Buying Old House in Toronto: Dangers

One of the most frequently asked questions of our clients is: “What is the worst danger when purchasing an old house?” The answer is simple: “Water”.

Let’s start from the beginning. What is an old house? Let’s walk around the areas of our city – Toronto: Down Town Area – 110-80 years old, St. Clair up to Lawrence – 80-50 years old, from Eglinton up to Steeles – 50-30 years old.

One of the most widespread problems is basements flooded with sewer water or mix of storm and sewer waters. Many of us remember the damage caused by the storm on August, 19th, 2005 in North York. Why do floods like that occur, and more importantly, who is going to pay for it?

Why? Three principal causes:

– Tree roots in sewer pipes under the ground.

– Clogged running trap (the central gangway) on a sewer pipe in the house or, worse than that, in the street under the ground.
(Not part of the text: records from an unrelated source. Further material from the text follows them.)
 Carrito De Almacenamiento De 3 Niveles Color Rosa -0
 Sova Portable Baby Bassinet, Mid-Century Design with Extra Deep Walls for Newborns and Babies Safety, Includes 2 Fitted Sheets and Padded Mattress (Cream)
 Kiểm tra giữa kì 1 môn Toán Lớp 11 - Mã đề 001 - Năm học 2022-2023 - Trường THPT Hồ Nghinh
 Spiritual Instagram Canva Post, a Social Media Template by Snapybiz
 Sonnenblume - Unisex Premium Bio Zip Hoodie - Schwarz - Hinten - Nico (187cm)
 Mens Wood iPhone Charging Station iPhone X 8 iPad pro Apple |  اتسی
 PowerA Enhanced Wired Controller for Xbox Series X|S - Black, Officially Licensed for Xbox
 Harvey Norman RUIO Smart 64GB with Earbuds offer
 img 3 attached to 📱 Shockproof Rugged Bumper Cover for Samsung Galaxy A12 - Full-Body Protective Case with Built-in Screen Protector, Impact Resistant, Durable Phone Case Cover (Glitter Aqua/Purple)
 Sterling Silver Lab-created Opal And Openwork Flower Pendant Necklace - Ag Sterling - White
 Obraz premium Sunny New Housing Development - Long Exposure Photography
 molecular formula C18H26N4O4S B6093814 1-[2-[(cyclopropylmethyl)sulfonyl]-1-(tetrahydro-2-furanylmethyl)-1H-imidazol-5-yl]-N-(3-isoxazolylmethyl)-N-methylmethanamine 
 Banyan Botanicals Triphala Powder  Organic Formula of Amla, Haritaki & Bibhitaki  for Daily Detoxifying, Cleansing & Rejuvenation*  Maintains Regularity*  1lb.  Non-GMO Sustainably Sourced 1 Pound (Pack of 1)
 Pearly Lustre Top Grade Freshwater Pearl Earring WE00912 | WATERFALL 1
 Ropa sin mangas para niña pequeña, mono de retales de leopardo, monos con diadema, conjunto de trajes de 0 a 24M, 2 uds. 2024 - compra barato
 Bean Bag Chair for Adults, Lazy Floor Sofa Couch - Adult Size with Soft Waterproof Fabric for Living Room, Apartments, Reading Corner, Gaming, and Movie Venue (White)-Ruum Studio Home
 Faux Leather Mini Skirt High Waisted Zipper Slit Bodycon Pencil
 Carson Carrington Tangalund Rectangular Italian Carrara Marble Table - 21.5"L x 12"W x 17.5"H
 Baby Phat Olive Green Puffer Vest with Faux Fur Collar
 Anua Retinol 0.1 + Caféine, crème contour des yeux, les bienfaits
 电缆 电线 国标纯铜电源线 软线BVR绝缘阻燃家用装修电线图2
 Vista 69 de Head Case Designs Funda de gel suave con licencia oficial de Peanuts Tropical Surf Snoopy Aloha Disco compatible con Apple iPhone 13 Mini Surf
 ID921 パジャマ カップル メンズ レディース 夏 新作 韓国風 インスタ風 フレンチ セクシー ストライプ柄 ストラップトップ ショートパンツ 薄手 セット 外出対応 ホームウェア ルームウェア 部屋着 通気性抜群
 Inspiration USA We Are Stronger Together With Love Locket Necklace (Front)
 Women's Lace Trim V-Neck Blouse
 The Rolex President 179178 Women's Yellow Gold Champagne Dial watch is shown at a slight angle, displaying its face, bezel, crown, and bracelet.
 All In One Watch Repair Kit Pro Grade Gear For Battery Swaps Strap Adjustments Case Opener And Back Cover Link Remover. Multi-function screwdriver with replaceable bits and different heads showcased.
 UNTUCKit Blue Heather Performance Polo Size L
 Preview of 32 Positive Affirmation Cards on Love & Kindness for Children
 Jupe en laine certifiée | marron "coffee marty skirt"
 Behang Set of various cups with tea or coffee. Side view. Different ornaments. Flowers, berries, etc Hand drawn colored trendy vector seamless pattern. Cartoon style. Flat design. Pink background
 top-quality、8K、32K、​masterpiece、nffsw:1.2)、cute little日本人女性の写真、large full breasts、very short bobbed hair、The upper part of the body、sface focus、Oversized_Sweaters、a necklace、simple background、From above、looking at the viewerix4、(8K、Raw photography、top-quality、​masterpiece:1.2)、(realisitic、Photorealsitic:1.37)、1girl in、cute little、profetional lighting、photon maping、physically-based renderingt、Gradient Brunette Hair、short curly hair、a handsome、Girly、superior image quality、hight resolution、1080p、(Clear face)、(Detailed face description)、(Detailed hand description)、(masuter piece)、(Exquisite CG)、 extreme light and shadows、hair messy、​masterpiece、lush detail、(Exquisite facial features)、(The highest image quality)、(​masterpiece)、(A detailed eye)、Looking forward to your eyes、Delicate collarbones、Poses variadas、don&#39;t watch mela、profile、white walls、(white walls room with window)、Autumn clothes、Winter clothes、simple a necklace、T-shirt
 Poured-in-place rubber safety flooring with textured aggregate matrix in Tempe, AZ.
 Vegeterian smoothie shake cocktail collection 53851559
– Broken sewer pipes under the ground.

As a rule, when purchasing an old house, the seller will show you a certificate stating that the house has passed overall inspection. Most of the time, it is the truth. You, being a more suspicious person, can call your inspector, who will provide you with the same information.

So where is the problem? Inspectors tend to draw their conclusions only about visible parts of the house, systems and the equipment. That doesn’t tell the whole picture. Many important parts of a home are hidden under plaster partitions, inside the walls or under the ground, which the inspector could not possibly see and therefore log.

The person who sold, having lived in the house for 2-3 years for certain knew about all the home’s problems. He probably knew about the backed-up sewer and the flooded basement. He bought the house to resell it after easy repair, and you have bought it to live and prosper in.

Let’s imagine what might happen. After purchase the repairs are over and you plan to rent out the basement, or just make your childhood dreams come true – get yourself a pool table for the basement. House warming, visitors, good mood – everything is fine, until a week later when it rains. You come home to your lovely, new house, you swim in, and discover a sewer water pool with your favorite pool table in the middle of your basement. And the “pool” word game really does not amuse you. Your nightmare has begun – frustration, yelling at the inspector, at City, the insurance company and the moon do not deliver much relief. As mentioned earlier, in Canada in the end the responsibility lies on your shoulders.

Emergency services from the city must be fully convinced, that the problem is on their property in order to start the repairs – and that takes time. Much longer than you would have expected. Sometimes even days. Meanwhile the stinkhole your house has turned into is smelling and looking worse. In addition, your tenant’s lawyer is threatening you to pay for their now drowned forever computers and other appliances. Something needs to be done immediately. The City technician tells you something about “clean-outs” which are supposed to be installed and not there to clean the water drain and he will return to investigate only after you install them. Time goes on – the stench is now unbearable.

Subsequently you decide to take matters into your own hands. And here arrive the protagonists of our opus: sanitary technicians, in clean white vans with top-notch equipment and the desire to help – for a “modest” pay of course.